Hillary Clinton: A 'Central Figure' In Starr's Investigation
Independent counsel says first lady's testimony 'has changed over time'
By Bob Franken/CNN
WASHINGTON (AllPolitics, May 6) -- It is hardly news that First Lady Hillary Rodham Clinton is a focus of the Whitewater investigation. She was, of course the first first lady in history subpoenaed to appear before a grand jury.
But to have it stated specifically and openly in the normally secretive Whitewater investigation conducted by Independent Counsel Kenneth Starr is remarkable.
According to the federal judge in Little Rock, Ark., in documents just made public, Starr "candidly states ... Mrs. Clinton's testimony on several issues under investigation 'has changed over time or differs from that of other witnesses' and that she is a 'central figure' in his investigation."
In Mexico City, President Clinton defended his wife at his news conference.

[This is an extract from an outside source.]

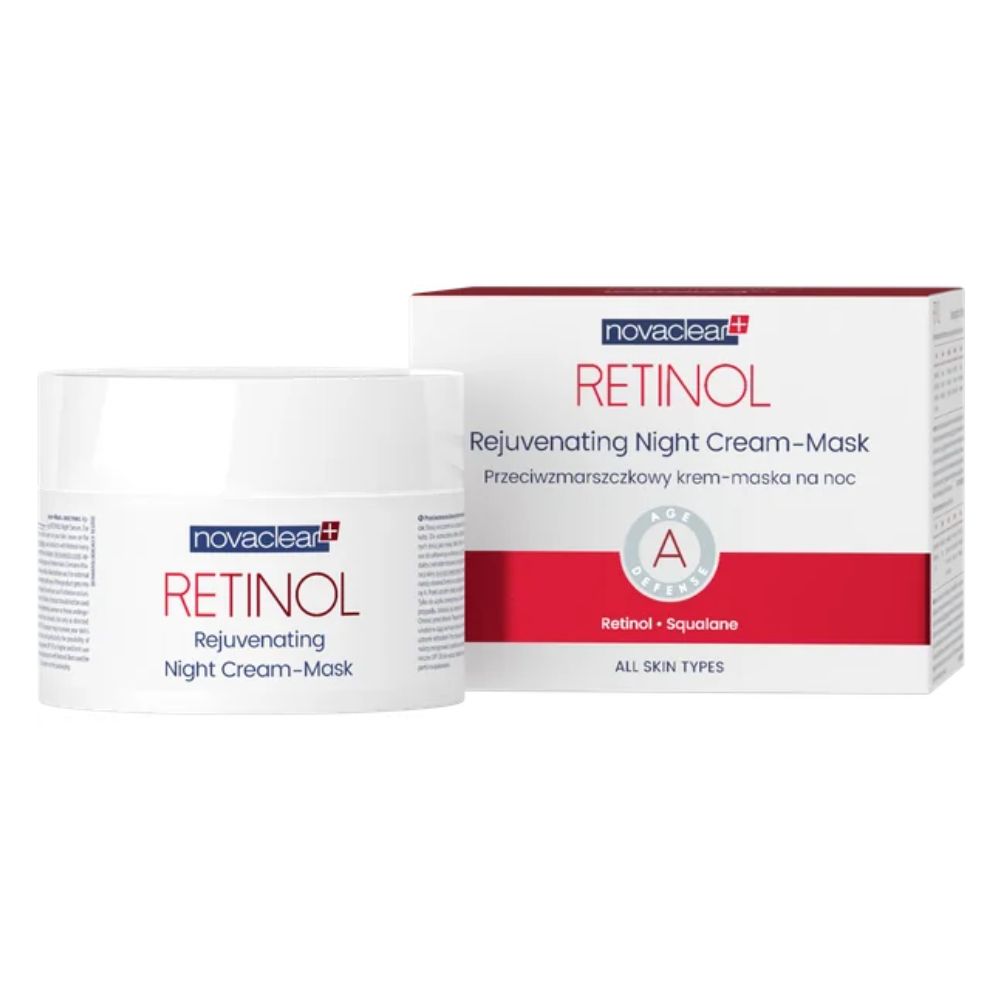 Novaclear Retinol przeciwzmarszczkowy krem-maska na noc 50 ml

"I know of no factual discrepancy," he said, and, referring to the reporters before him, added, "But if you took the four of you sitting there together and you all got together 13 to 19 years later and asked you precisely what happened on this day, you might have slightly different memories."
The quotation from Starr is from motions filed in connection with two sets of lawyers' notes involving Mrs. Clinton. The White House is refusing to turn over the notes to Starr, some of which were taken just after Mrs. Clinton's grand jury appearance 15 months ago.
"Now I am going home and I hope all of you will as well," she said after her appearance in January 1996.
Instead, Mrs. Clinton then briefed White House Deputy Counsel Jane Sherburne. Those notes as well as those from another conversation with White House lawyers are the ones in dispute.
An appeals court ruling that the White House must turn over the notes is on its way to the Supreme Court.
The president contends his lawyers have urged him to make a constitutional test of attorney client privilege, even though Mrs. Clinton is not technically a client of the White House lawyers.
"So they came to me and said this is what we strongly believe, this is the right thing to do for America, and for the Constitution, and everyone knows that you and your wife have answered all of the questions there and have told everybody everything there is to tell, and we ought to do this for the country," Clinton said.
But the appeals judges who ruled against the White House expressed their opinion this way: "Mrs. Clinton's interest ... is naturally avoiding prosecution." That is clearly what Independent Counsel Starr is exploring.